# i might need some help...



## Team_Subspace (Aug 5, 2010)

i wanted to remix a few songs and need the original multitrack studio recordings of them and was wondering if anyone knows where i might be able to find some. any help is highle appreciated


----------



## DigitalDeviant (Aug 5, 2010)

need to know the tracks in question before anyone can help you.


----------



## Team_Subspace (Aug 5, 2010)

for now i might wanna do animal i have become by three days grace and aerials by s.o.a.d.


----------



## DigitalDeviant (Aug 5, 2010)

Team_Subspace said:
			
		

> for now i might wanna do animal i have become by three days grace and aerials by s.o.a.d.
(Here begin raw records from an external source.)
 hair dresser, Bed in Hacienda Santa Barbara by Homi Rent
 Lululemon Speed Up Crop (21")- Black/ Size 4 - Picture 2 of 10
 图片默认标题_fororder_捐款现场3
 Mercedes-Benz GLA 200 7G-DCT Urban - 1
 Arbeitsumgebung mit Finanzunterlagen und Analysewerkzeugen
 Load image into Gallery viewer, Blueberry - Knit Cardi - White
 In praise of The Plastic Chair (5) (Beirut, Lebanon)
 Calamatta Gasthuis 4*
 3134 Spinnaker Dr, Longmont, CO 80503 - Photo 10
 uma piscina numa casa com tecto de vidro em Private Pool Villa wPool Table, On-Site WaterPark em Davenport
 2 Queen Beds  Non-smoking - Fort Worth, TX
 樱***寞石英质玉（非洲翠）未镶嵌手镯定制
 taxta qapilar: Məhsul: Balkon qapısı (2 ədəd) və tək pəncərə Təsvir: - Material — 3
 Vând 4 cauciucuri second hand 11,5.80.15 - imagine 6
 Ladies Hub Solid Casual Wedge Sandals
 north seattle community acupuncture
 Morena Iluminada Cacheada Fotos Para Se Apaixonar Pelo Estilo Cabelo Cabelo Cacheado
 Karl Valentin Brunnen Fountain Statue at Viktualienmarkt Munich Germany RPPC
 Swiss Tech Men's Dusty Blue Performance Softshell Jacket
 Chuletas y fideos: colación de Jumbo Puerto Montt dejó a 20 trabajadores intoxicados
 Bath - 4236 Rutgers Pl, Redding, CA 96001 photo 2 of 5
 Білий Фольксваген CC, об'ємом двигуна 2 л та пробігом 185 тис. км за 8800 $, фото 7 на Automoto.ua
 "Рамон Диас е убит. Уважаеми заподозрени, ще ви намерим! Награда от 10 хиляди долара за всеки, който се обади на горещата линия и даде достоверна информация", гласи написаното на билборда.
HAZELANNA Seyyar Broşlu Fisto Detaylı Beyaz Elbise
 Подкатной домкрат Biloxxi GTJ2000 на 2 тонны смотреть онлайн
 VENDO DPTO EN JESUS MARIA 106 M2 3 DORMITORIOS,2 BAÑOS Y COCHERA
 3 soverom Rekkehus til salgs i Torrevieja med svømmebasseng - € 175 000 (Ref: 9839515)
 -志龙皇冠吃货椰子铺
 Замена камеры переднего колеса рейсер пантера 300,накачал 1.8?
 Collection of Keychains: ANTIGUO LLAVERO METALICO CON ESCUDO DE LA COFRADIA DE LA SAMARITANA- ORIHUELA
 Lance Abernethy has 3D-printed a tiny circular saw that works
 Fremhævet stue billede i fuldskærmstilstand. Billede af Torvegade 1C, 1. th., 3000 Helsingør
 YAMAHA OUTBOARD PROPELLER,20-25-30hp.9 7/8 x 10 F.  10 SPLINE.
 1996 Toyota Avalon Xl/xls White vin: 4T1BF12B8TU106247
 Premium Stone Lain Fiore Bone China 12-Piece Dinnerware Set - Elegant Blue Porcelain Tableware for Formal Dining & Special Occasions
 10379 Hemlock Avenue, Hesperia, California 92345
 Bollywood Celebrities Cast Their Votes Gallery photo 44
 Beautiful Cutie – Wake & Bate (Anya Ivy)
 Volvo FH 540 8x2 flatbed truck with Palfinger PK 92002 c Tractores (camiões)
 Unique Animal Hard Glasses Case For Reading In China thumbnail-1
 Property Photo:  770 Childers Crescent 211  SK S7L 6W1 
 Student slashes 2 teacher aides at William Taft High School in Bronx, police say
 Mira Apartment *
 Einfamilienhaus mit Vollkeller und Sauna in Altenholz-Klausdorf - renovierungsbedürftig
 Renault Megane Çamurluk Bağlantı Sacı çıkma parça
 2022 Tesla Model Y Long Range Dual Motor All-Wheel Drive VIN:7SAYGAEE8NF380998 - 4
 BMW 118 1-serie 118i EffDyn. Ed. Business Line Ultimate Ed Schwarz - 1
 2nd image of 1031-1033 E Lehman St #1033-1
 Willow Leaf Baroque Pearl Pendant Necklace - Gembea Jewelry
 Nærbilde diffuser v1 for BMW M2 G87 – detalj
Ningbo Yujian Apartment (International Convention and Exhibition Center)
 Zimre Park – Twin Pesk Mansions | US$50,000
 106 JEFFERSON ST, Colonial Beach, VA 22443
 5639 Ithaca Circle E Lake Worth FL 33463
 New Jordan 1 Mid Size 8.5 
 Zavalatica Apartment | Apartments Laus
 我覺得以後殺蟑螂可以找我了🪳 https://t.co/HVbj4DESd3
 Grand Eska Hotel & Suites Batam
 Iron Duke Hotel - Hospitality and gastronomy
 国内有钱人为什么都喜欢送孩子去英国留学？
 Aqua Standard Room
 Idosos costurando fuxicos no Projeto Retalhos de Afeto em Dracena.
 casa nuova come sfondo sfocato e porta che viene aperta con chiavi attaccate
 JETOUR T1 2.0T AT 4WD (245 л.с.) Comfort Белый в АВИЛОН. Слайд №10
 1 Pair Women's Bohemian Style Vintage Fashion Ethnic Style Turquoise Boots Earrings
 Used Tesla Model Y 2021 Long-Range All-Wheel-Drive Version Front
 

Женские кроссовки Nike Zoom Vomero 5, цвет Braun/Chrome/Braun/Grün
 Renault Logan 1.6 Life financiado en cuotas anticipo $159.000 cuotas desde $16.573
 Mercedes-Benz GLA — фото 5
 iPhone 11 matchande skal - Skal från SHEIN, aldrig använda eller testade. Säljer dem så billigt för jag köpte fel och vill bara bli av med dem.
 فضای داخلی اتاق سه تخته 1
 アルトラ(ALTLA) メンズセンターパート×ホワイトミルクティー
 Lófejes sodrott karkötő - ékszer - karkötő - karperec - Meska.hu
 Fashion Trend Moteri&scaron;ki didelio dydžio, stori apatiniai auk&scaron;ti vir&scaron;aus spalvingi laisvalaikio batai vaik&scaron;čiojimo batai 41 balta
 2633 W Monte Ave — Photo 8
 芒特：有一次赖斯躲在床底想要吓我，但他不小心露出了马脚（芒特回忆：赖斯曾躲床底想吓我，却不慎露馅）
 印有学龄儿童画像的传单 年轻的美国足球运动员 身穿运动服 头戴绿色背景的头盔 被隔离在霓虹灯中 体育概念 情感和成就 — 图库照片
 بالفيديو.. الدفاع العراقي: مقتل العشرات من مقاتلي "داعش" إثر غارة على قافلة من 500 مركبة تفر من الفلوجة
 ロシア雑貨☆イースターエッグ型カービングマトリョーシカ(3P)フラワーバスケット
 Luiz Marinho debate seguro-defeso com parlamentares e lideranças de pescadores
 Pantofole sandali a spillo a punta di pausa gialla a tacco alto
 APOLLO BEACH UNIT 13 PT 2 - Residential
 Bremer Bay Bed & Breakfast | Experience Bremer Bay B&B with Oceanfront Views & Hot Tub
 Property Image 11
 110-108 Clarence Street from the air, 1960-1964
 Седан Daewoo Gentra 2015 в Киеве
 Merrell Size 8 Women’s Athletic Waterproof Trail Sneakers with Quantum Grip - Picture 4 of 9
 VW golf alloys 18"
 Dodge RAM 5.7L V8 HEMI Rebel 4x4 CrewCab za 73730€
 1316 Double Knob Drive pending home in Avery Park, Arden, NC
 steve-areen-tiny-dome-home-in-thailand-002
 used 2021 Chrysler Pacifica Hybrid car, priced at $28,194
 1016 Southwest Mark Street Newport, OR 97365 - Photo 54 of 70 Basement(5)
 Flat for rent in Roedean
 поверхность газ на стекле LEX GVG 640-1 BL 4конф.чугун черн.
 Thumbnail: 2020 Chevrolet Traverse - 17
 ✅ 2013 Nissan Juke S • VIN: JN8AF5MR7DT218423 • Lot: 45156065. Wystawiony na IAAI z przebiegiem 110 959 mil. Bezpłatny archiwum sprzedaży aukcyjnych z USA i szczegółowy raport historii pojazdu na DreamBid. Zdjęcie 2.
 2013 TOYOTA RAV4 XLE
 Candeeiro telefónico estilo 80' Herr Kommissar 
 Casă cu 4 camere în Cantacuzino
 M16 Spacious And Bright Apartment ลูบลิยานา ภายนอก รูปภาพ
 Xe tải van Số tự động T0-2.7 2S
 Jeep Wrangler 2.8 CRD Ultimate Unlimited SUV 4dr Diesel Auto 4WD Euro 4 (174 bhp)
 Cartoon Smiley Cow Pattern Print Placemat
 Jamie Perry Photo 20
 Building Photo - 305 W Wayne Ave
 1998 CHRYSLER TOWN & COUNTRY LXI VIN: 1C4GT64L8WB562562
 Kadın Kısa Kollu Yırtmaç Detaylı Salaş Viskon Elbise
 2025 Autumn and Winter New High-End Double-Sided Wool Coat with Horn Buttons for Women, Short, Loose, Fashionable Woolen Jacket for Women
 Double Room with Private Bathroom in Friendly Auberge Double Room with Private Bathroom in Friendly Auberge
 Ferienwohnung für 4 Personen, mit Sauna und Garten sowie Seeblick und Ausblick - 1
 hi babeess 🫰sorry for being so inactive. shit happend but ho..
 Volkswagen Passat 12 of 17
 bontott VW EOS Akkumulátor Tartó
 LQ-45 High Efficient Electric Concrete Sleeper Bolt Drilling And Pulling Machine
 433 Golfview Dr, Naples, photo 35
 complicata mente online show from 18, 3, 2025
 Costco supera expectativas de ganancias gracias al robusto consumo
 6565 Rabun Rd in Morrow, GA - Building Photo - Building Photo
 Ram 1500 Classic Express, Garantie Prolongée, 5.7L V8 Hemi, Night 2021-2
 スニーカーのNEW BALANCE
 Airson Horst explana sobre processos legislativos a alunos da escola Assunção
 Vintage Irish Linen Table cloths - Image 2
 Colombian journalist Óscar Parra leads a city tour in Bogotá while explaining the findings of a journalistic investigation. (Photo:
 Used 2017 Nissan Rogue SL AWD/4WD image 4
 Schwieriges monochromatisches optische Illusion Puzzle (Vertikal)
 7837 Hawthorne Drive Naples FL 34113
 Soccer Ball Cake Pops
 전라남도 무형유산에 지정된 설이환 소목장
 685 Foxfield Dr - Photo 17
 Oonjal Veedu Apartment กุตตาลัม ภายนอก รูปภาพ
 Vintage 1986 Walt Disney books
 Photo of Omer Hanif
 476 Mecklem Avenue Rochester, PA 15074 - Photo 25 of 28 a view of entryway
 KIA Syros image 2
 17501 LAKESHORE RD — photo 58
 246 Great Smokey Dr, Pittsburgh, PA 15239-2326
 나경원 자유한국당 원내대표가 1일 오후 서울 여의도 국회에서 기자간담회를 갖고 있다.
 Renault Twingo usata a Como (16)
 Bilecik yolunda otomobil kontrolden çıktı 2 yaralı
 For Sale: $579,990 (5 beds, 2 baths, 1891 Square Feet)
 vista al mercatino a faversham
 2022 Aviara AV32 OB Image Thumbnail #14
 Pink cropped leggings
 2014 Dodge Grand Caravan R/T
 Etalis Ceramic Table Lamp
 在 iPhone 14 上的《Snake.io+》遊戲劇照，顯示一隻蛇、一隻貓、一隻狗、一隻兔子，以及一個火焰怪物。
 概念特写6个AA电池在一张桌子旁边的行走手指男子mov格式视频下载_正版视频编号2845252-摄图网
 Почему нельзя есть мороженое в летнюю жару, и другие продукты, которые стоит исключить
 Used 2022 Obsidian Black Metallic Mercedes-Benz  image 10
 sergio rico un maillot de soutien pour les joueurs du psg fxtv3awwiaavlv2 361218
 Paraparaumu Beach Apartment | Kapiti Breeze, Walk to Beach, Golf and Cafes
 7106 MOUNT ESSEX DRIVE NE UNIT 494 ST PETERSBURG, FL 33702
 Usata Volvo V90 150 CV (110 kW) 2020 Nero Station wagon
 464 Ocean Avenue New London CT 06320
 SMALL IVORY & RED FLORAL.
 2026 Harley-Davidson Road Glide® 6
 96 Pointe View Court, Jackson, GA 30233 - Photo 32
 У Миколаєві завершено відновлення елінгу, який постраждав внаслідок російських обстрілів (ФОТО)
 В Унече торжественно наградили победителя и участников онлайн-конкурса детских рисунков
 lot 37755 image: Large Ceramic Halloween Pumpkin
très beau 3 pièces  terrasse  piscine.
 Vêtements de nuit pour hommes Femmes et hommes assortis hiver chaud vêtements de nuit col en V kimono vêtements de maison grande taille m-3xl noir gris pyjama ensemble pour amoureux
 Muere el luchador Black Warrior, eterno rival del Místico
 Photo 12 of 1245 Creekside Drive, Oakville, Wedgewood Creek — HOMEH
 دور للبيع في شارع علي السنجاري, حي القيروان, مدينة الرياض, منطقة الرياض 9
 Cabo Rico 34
your best bet is you guest it, google. Though in all fairness finding multitracks of songs is difficult because record labels to my knowledge don't release them tothe public. You can try splitting the tracks using software, though thats often messy.


----------



## Team_Subspace (Aug 5, 2010)

thats y i was askin here cuz google was giving me programs to record my own songs and i didnt want the split file to sound messy...


----------



## sprogurt (Aug 5, 2010)

>.< I'd have no idea where to stat sorry. I'd love to here your "animal I have become" when it's finished though!


----------



## Team_Subspace (Aug 5, 2010)

its ok 
	

	
	
		
		

		
			





 but whenever im able to do it ill post it here


----------



## DunkrWunkah (Aug 8, 2010)

Team_Subspace said:
			
		

> for now i might wanna do animal i have become by three days grace and aerials by s.o.a.d.



HOLY SHIT!!!

I'm randomly listening to Aerials right now!!

FUCKING TRIPPY MAN!


----------